In this image we have the Hero Twins redeeming the honor of their vanquished father the Maize God. The Lord of the Underworld taunts their valiant effort, but he will indeed suffer the consequence of his hubris. The mother of the Hero twins Xquic looks on.

As noted this is a detail of Hun Hunahpu, the slain Maize God. In actuality the sacrificial gash would have been horizontal for those nerdy enough to care upon such Meso-minutia.
The following is the sketch that I was speaking about.
I happily spent yesterday in LA, I know I have been trapped in the boondocks a bit too long when LA seems the epicenter of urban sophistication. Such snarkiness aside, LACMA is one of my favorite museums and a really marvelous show devoted to women surrealist living in Mexico is soon to close, for more info, follow this In Wonderland link. It was a truly spectacular show, Leonora Carrington is my new idol, I knew her work essentially from one painting at the Met; having experienced so many of her paintings I am a convert to her cult.
All praise Leonora!
Another show I was eager to catch was Children of the Plumed Serpent, the Legacy of Quetzalcoatl. It was as I had hoped spectacular. It was very rich in luxury goods traded amongst different Mesoamerican people, polychromed pottery, dazzling gold work, mind boggling micro mosaics. Stunning. This funny little fellow, a censer is crafted to resemble a scribe, I figured visitors to this site would be tickled by his pen and little shell holding pigment. He is in remarkable shape, 30 or so inches, a handsome little bugger.

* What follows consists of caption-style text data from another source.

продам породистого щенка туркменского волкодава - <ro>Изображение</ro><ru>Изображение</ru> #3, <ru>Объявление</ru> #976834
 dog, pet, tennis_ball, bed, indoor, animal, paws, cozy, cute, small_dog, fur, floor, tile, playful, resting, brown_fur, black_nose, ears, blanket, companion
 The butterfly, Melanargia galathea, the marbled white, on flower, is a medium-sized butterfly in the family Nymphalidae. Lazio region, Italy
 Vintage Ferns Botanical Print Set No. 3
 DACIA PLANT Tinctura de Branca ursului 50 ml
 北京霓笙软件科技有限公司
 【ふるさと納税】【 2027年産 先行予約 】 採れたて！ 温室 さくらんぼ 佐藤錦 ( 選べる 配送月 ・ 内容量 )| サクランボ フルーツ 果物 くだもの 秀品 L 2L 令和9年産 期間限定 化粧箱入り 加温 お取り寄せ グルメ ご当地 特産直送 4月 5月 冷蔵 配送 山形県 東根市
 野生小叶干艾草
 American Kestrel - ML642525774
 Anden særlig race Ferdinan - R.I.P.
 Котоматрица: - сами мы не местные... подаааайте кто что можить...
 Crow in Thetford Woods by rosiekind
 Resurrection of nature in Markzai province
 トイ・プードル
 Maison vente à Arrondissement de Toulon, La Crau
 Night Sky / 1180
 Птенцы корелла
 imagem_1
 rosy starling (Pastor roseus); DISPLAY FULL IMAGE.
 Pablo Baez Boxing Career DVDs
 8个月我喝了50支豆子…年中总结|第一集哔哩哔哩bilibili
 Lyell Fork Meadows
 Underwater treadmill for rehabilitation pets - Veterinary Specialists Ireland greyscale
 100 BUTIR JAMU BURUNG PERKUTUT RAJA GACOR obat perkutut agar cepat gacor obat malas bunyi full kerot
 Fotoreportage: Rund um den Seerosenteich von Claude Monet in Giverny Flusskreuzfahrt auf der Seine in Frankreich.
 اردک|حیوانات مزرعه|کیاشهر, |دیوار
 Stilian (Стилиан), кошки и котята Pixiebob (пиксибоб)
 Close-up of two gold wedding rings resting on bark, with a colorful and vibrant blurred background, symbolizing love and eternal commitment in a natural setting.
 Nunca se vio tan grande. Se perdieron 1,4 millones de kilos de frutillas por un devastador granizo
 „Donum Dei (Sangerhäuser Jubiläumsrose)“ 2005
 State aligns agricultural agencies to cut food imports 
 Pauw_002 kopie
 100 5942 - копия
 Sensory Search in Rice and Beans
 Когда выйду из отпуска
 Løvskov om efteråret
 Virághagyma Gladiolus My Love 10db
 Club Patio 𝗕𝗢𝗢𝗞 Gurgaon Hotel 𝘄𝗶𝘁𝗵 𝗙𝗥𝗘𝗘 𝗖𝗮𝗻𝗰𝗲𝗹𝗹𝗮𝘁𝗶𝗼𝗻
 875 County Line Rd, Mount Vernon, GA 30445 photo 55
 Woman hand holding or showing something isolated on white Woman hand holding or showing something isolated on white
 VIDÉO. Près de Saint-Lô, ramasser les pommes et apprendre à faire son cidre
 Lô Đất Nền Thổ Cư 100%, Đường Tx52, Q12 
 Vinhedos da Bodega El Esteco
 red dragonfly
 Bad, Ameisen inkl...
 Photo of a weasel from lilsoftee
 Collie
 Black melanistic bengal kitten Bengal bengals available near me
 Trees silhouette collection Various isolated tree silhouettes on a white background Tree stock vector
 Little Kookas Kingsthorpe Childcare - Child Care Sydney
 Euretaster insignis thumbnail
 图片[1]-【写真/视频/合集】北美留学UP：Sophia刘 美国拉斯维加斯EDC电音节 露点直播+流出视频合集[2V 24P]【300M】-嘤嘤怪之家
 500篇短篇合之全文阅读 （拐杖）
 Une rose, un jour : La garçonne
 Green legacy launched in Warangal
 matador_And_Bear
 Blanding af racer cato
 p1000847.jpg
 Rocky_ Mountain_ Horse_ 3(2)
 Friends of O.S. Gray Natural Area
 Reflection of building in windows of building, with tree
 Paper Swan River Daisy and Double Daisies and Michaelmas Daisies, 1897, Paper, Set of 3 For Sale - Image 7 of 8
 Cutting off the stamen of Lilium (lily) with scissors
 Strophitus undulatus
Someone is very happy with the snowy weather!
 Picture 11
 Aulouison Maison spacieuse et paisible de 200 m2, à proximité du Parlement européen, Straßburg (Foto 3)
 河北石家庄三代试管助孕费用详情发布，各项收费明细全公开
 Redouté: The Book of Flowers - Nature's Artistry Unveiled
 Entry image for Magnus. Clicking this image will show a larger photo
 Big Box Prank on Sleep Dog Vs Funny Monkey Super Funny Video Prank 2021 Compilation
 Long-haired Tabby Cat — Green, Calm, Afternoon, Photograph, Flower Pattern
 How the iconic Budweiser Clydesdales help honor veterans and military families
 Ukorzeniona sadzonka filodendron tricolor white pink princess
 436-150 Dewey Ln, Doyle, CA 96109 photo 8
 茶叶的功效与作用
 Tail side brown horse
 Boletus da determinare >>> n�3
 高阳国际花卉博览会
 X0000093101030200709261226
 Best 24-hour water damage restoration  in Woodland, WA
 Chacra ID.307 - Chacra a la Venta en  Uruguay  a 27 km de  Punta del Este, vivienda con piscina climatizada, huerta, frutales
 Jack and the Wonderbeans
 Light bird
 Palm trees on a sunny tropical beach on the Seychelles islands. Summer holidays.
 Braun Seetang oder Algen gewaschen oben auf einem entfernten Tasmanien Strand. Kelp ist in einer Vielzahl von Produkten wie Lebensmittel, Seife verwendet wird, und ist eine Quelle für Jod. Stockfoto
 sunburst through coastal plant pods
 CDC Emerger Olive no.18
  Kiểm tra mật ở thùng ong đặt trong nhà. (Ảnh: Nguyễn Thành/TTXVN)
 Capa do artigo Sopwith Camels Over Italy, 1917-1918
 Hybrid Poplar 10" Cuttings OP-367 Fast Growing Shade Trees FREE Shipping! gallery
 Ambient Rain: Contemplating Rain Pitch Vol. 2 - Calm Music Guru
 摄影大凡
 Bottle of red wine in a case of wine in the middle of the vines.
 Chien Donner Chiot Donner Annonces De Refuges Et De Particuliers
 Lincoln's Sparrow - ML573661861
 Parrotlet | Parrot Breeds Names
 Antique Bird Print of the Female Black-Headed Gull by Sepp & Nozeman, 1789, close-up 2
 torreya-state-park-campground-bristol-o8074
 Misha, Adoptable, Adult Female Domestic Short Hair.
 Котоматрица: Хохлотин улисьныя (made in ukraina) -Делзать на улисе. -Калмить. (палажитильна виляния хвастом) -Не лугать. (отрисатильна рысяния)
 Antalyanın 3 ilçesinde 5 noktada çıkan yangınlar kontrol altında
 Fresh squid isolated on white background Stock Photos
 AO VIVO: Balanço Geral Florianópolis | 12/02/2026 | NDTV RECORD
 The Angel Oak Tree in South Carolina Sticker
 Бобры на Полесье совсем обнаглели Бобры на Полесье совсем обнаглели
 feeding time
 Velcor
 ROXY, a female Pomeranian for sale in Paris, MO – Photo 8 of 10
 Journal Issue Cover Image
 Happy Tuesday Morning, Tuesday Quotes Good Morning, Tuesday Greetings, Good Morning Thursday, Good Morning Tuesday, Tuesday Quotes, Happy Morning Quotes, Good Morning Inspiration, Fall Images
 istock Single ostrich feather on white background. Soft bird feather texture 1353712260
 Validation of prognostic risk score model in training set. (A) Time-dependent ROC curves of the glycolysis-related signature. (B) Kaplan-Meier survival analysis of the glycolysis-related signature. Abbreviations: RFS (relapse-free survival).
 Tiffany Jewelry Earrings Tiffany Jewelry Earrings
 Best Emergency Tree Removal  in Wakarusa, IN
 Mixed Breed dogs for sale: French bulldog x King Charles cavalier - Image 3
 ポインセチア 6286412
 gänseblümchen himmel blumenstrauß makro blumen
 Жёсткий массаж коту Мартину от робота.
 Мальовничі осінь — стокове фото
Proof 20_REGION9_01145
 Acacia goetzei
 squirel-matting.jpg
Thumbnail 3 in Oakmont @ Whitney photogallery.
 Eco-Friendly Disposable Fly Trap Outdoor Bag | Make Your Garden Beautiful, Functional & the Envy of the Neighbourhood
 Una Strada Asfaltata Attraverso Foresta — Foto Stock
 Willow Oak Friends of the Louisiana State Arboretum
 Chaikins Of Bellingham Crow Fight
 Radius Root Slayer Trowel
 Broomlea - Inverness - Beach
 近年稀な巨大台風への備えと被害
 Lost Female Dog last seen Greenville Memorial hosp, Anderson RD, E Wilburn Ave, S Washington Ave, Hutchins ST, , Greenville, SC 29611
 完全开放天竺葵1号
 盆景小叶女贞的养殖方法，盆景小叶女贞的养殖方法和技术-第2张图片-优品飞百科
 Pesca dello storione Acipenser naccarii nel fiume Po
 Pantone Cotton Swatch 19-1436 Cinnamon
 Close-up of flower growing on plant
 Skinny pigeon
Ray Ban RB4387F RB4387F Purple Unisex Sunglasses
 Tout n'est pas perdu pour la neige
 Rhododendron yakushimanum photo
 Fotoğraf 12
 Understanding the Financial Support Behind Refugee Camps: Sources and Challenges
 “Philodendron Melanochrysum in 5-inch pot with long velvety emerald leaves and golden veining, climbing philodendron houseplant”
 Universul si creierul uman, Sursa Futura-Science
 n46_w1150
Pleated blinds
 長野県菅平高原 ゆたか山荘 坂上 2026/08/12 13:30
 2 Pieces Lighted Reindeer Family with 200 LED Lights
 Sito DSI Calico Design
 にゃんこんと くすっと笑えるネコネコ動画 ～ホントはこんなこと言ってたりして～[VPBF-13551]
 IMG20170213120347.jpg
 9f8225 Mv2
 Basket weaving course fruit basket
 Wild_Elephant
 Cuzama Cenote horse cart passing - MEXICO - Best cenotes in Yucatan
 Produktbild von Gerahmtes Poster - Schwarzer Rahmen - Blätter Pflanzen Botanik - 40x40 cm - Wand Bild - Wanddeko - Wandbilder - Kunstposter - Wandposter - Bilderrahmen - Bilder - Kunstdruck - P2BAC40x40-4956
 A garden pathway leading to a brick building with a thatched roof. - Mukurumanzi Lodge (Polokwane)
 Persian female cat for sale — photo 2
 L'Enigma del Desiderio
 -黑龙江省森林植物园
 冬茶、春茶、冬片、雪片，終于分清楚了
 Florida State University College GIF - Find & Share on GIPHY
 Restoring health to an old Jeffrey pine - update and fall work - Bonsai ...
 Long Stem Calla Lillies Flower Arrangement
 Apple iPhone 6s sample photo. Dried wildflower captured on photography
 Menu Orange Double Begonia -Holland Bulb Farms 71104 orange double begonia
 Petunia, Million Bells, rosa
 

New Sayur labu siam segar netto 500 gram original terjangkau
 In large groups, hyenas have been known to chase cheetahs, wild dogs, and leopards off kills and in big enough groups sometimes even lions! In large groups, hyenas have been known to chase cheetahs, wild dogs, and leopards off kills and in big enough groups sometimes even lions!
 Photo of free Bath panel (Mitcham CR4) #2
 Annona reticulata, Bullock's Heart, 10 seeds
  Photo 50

The following is a fragment of a censer, he is so grave and impressive. I was very drawn to him, he will feature somewhere , somehow in a painting or drawing .

Although I thoroughly enjoyed my time spent in my old hometown, I am happy to be back in the studio. My little pug-dog Rose was quite peeved with my audacity-how dare I leave her in the care of her nanny? all day! It has taken most of the day for her to “speak ” to me again, I’ve promised her I will lock myself in the studio, a slave to painting and to pugs.